Sebastian Kurz, a 31-year-old who became Austrian chancellor last December, made the comments during a press conference with German Interior Minister Horst Seehofer. Both men are campaigning for more border controls and tighter immigration measures at a time when Europe is strongly divided over migration.
While Kurz’s hope for an axis between Rome, Vienna and Berlin has echoes of World War II, it is also reflects European far-right and conservative politicians’ current effort to join together to promote anti-migrant policies.
Earlier this week, Seehofer called Italian Interior Minister Matteo Salvini to offer support and invite him for migration talks. Salvini, who also leads the far-right Lega party, caused a diplomatic and humanitarian crisis this week after he turned away a rescue boat carrying over 600 migrants ― leaving it in limbo until Spain agreed to accept the vessel.
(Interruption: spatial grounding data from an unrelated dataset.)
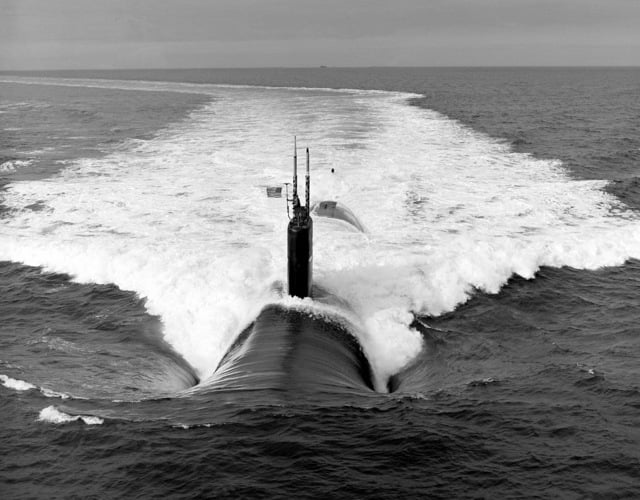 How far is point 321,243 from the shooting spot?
24172mm

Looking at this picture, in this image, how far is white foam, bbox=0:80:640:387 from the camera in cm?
2008

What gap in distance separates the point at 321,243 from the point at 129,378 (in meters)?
10.2

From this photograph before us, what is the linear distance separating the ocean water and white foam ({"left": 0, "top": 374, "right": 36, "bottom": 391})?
0.06 m

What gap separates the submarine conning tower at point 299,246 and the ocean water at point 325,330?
0.59 meters

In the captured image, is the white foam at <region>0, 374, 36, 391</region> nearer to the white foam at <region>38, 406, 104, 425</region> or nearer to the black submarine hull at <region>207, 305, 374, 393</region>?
the white foam at <region>38, 406, 104, 425</region>

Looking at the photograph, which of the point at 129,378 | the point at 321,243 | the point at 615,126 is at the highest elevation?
the point at 615,126

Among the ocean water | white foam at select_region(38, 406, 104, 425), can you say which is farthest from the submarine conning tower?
white foam at select_region(38, 406, 104, 425)

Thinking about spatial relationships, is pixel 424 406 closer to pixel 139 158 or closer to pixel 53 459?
pixel 53 459

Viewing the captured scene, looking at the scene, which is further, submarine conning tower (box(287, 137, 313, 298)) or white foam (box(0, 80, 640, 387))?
white foam (box(0, 80, 640, 387))

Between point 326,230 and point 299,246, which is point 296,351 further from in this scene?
point 326,230

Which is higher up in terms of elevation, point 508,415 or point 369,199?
point 369,199

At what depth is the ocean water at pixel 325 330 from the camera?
11.3 metres

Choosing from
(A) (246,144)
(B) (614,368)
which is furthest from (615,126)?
(B) (614,368)

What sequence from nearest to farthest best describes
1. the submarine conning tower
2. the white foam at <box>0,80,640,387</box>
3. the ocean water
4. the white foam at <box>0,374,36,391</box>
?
the ocean water
the white foam at <box>0,374,36,391</box>
the submarine conning tower
the white foam at <box>0,80,640,387</box> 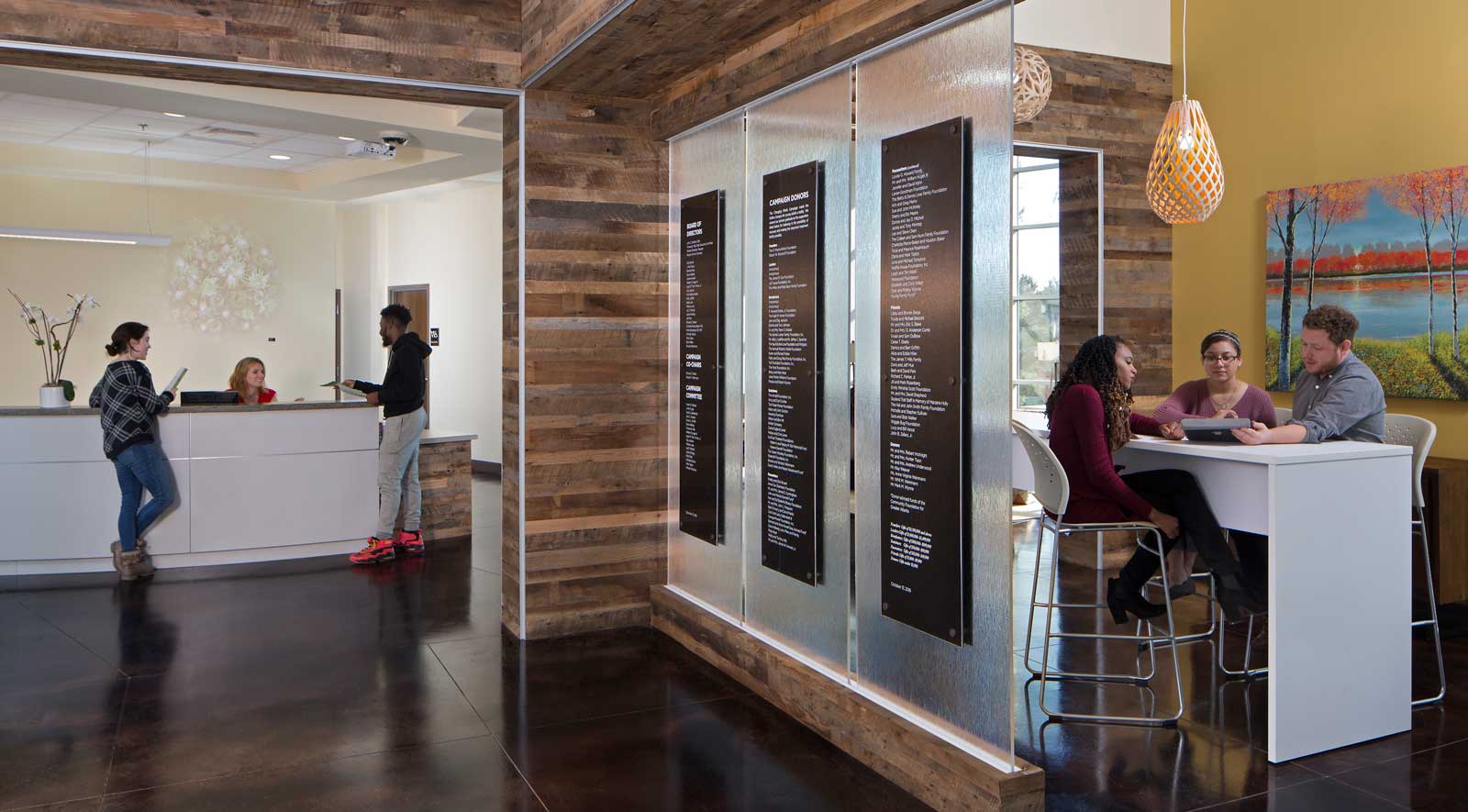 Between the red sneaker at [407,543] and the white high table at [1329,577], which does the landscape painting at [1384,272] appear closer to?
the white high table at [1329,577]

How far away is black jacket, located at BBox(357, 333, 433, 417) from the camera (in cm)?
709

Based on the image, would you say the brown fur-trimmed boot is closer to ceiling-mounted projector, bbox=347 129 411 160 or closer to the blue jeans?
the blue jeans

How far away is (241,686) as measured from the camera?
4.40 metres

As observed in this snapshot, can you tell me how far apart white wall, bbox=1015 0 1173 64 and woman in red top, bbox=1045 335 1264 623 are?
2.80 m

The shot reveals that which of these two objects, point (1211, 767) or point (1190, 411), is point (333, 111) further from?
point (1211, 767)

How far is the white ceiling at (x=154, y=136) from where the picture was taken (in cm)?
796

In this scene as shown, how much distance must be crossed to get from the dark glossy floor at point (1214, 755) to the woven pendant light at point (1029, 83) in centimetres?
241

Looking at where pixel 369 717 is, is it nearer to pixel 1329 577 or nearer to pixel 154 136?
pixel 1329 577

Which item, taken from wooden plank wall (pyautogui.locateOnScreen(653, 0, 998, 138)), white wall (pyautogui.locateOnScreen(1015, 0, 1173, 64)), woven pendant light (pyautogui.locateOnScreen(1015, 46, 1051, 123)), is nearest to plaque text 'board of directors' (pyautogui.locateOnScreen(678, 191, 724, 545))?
wooden plank wall (pyautogui.locateOnScreen(653, 0, 998, 138))

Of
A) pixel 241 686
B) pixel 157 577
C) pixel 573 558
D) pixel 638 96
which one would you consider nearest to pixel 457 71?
pixel 638 96

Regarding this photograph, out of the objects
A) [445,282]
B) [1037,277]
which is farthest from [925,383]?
[445,282]

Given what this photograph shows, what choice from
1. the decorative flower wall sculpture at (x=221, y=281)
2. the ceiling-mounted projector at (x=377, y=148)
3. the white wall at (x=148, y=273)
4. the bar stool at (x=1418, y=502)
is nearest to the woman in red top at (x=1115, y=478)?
the bar stool at (x=1418, y=502)

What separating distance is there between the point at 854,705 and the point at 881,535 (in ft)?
1.89

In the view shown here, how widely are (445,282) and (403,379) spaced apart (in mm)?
5263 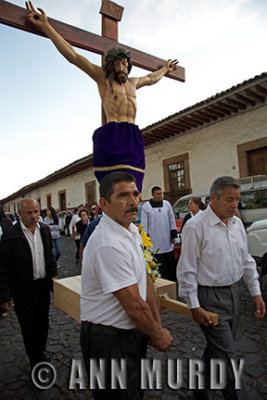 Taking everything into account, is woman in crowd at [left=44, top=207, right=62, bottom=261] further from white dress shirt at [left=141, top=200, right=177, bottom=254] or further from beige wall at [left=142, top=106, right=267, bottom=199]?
beige wall at [left=142, top=106, right=267, bottom=199]

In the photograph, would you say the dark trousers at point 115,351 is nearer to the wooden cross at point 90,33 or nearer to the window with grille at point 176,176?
the wooden cross at point 90,33

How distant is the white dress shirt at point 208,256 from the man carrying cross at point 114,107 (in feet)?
2.39

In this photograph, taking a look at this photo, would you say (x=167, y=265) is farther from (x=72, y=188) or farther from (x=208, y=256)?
(x=72, y=188)

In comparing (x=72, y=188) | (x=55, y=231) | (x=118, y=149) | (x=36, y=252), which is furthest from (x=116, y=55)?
(x=72, y=188)

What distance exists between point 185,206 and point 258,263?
477 cm

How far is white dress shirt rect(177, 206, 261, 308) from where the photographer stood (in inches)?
84.4

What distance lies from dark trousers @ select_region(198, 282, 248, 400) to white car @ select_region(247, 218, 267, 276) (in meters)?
2.51

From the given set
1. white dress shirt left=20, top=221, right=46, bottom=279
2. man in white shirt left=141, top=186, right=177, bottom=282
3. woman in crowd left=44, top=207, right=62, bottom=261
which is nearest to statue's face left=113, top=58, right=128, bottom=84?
white dress shirt left=20, top=221, right=46, bottom=279

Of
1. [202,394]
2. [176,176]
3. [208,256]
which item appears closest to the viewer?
[208,256]

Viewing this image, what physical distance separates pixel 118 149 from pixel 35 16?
159cm

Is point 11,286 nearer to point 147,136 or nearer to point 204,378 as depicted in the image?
point 204,378

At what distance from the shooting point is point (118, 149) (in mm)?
2477

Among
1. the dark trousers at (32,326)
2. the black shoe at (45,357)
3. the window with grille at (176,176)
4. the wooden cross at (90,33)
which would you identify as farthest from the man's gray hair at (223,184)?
the window with grille at (176,176)

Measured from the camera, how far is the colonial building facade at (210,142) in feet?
31.9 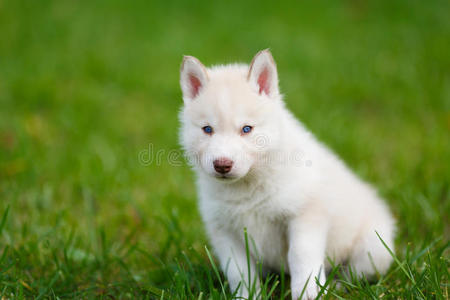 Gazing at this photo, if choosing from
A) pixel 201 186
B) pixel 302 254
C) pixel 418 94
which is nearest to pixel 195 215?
pixel 201 186

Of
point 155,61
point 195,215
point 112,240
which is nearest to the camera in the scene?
point 112,240

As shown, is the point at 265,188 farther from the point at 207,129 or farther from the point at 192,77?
the point at 192,77

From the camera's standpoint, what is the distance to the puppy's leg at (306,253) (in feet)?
8.34

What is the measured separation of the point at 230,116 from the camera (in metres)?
2.55

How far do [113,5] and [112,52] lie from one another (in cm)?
203

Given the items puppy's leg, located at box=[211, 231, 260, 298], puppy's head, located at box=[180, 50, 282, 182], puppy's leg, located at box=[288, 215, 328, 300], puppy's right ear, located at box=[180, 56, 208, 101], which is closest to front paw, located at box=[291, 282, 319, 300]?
puppy's leg, located at box=[288, 215, 328, 300]

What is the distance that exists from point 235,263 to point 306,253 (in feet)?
1.46

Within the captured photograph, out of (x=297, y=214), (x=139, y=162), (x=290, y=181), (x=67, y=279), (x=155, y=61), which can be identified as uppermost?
(x=155, y=61)

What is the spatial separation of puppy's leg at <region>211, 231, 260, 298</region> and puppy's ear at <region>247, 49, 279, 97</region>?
95cm

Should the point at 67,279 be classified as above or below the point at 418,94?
below

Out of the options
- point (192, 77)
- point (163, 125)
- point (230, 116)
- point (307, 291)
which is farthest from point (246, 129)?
point (163, 125)

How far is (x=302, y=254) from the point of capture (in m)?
2.57

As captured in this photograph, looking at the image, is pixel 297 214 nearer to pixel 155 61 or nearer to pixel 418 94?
pixel 418 94

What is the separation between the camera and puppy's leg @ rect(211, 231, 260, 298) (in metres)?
2.67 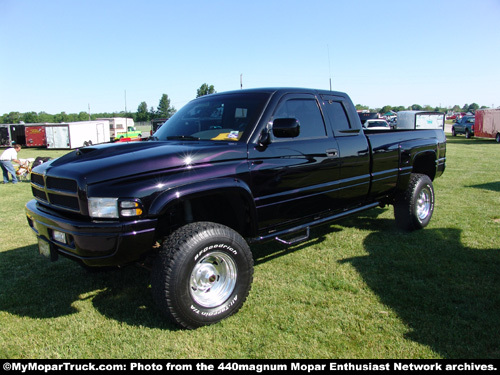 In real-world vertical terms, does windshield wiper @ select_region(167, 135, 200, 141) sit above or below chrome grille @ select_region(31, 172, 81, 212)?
above

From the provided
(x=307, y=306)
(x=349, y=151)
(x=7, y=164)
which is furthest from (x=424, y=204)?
(x=7, y=164)

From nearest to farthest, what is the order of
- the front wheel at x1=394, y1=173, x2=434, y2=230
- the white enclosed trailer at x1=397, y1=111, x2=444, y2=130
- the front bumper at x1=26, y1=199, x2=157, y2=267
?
the front bumper at x1=26, y1=199, x2=157, y2=267 → the front wheel at x1=394, y1=173, x2=434, y2=230 → the white enclosed trailer at x1=397, y1=111, x2=444, y2=130

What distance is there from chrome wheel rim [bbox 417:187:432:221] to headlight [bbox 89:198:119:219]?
4699 mm

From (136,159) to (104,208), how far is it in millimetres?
461

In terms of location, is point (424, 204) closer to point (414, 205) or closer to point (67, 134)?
point (414, 205)

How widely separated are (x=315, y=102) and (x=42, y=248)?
10.6ft

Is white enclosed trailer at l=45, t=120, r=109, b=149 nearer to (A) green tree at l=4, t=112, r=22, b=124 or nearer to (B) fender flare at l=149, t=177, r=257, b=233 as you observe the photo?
(B) fender flare at l=149, t=177, r=257, b=233

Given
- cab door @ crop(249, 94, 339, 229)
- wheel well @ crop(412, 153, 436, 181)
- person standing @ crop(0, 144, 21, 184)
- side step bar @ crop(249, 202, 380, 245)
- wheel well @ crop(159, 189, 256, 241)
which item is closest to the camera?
wheel well @ crop(159, 189, 256, 241)

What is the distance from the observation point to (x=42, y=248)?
3316 millimetres

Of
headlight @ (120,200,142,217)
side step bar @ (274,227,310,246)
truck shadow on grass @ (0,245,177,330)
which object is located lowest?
truck shadow on grass @ (0,245,177,330)

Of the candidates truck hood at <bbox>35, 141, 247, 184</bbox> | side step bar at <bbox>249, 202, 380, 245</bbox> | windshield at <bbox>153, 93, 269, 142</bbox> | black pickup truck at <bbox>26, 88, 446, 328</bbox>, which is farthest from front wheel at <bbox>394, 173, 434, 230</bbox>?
truck hood at <bbox>35, 141, 247, 184</bbox>

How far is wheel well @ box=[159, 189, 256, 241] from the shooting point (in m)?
3.41

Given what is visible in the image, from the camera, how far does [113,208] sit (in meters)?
2.79

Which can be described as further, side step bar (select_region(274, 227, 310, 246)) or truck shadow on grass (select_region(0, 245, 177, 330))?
side step bar (select_region(274, 227, 310, 246)) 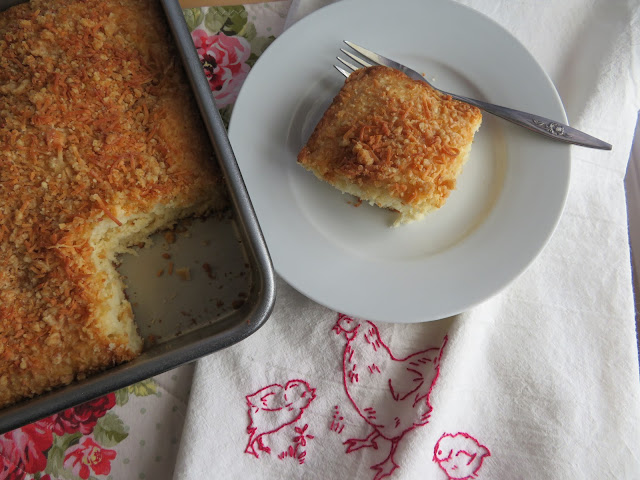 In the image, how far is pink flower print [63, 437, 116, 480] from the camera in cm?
182

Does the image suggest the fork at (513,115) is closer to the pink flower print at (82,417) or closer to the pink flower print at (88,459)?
the pink flower print at (82,417)

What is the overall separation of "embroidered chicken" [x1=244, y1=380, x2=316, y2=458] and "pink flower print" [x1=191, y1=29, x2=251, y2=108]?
3.77 ft

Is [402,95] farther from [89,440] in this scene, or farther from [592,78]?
[89,440]

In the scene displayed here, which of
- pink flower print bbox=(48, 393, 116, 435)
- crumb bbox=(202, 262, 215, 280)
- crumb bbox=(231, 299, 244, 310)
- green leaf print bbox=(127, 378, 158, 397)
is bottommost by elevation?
pink flower print bbox=(48, 393, 116, 435)

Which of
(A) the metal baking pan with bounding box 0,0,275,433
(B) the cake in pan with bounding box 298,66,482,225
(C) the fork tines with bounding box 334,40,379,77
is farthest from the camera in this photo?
(C) the fork tines with bounding box 334,40,379,77

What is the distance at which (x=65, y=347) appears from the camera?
5.42 feet

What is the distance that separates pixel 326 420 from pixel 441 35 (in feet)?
5.05

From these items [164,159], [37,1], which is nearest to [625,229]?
[164,159]

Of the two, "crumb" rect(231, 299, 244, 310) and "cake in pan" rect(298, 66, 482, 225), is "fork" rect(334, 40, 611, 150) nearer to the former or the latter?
"cake in pan" rect(298, 66, 482, 225)

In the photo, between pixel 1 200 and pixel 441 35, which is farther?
pixel 441 35

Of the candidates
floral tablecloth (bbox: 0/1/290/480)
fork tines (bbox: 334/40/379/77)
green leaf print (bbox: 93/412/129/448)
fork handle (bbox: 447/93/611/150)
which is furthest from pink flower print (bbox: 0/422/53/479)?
fork handle (bbox: 447/93/611/150)

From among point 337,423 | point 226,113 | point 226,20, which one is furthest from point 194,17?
point 337,423

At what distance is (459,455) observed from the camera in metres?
1.81

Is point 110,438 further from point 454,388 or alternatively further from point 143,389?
point 454,388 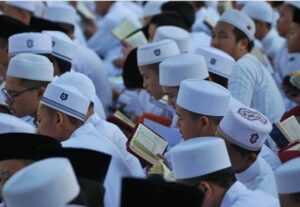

Hungary’s far-right government, whose leader Viktor Orban has used the migration crisis as a pretext to crack down on civil society, is also seeking closer ties with Italy and Austria after anti-migrant parties recently became part of those country’s governments.
Since Kurz formed a coalition government with the far-right Freedom Party in December, the Austrian government has pursued anti-migrant, anti-Islam policy that includes plans to shut down seven mosques and expel dozens of imams. The government has also experienced a number scandals relating to the Freedom Party’s Nazi past and modern connections to extremist ideology. A senior party official resigned in February after Austrian media reported that he formerly led a far-right fraternity that distributed a songbook with lyrics about killing Jews.
Kurz’s vision of a three-nation axis against migration is unlikely as long as German Chancellor Angela Merkel is still in power. Merkel has long pushed for a comprehensive European Union policy on migration that would have countries share the cost and effects of refugee arrivals.
But Merkel is under domestic pressure to pursue a more restrictive immigration policy, including from within her own government. Seehofer, while a government minister, comes from the more conservative Christian Social Union party, which is currently locked in a fight over refugee policy with Merkel’s Christian Democrats. He also caused controversy earlier this year when he renamed his position of interior minister ― a powerful role in German politics ― to that of homeland minister, a term that has Nazi-era connotations in Germany.
Seehofer skipped a German government-held summit on integration in order to meet with Kurz. He claimed he decided to miss Merkel’s event because an author who planned to attend compared Seehofer’s policies to Nazi ideology.